The real question is whether this over-concentration serves the UK economy or not, and here there is a new factor.

The politicians and banks have been squabbling since 2008 about whether or not there are enough opportunities to lend to small business.

Recent figures confirm there has actually been a change. The total stock of money lent to SMEs – over 99 per cent of the businesses in the economy – is still falling.

In every other nation in Europe, small business lending has returned to pre-2008 levels. Here the rate of the reduction has slowed down, but it is still going down.

This isn’t the fault of the banks. It is a logical response to the new Basel regulations and to global competition.

The real change is required, not from the banks, but from the politicians. They need to stop beating up the big banks but to accept that small business lending is difficult yet critical to the economy. It must be done by someone.
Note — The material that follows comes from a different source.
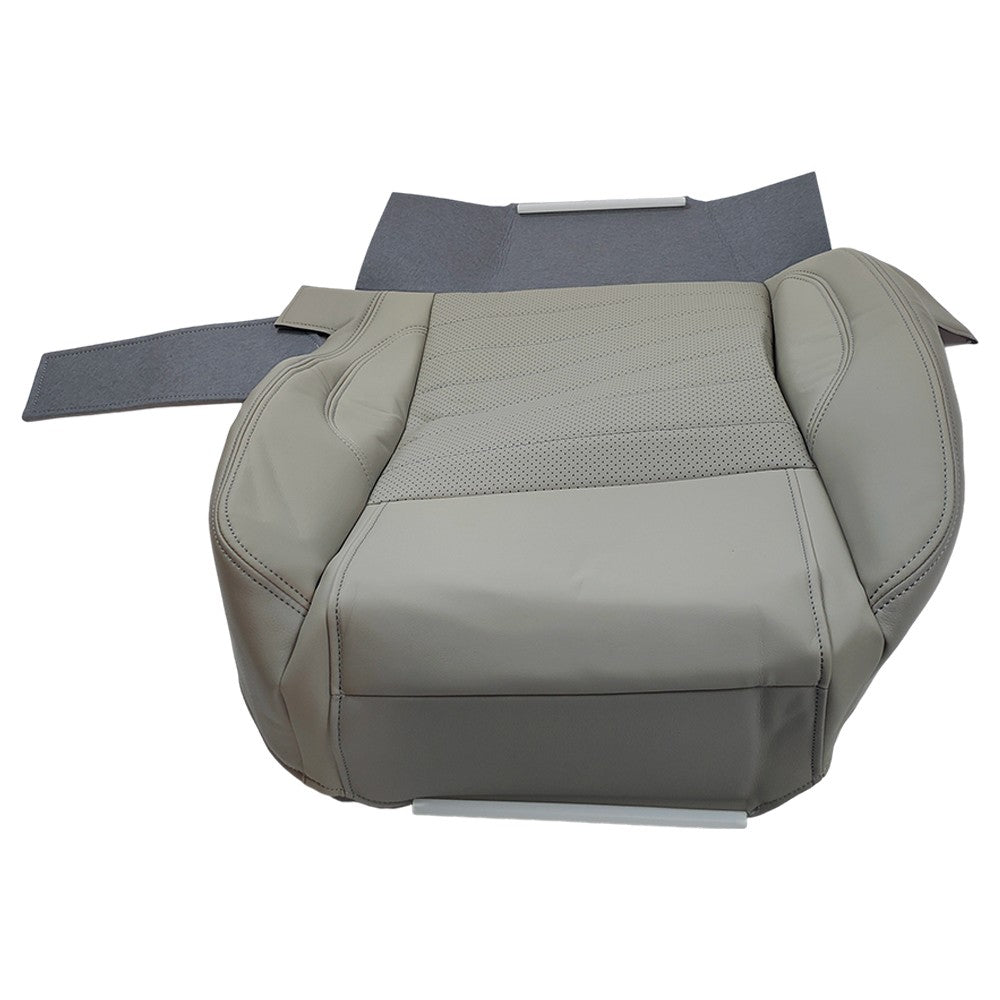 Driver&Passenger Side Bottom Leather Seat Cover GRAY For Ford Mustang 2010-2014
That is the first shift that is required, and nothing else will happen until it does.  It is too convenient for politicians to keep the banks to blame, without actually realising the basic problem.

The second is this. The big bankers get very considerable privileges for their role in the economy, personally and professionally. If their banks are no longer able to lend in that market, then they must create an infrastructure that can.

Why has small business lending recovered in other European countries? Because they have a local banking infrastructure, and an infrastructure that takes deposits rather than just lending other people’s money.

It isn’t just going to appear magically, via the hidden hand. Of the 30 new banks now awaiting approval from the regulator, only one plans to provide current accounts.

There is no way we can rebalance the economy without these in the UK. That is the big shift that is required – but the politicians have to move first.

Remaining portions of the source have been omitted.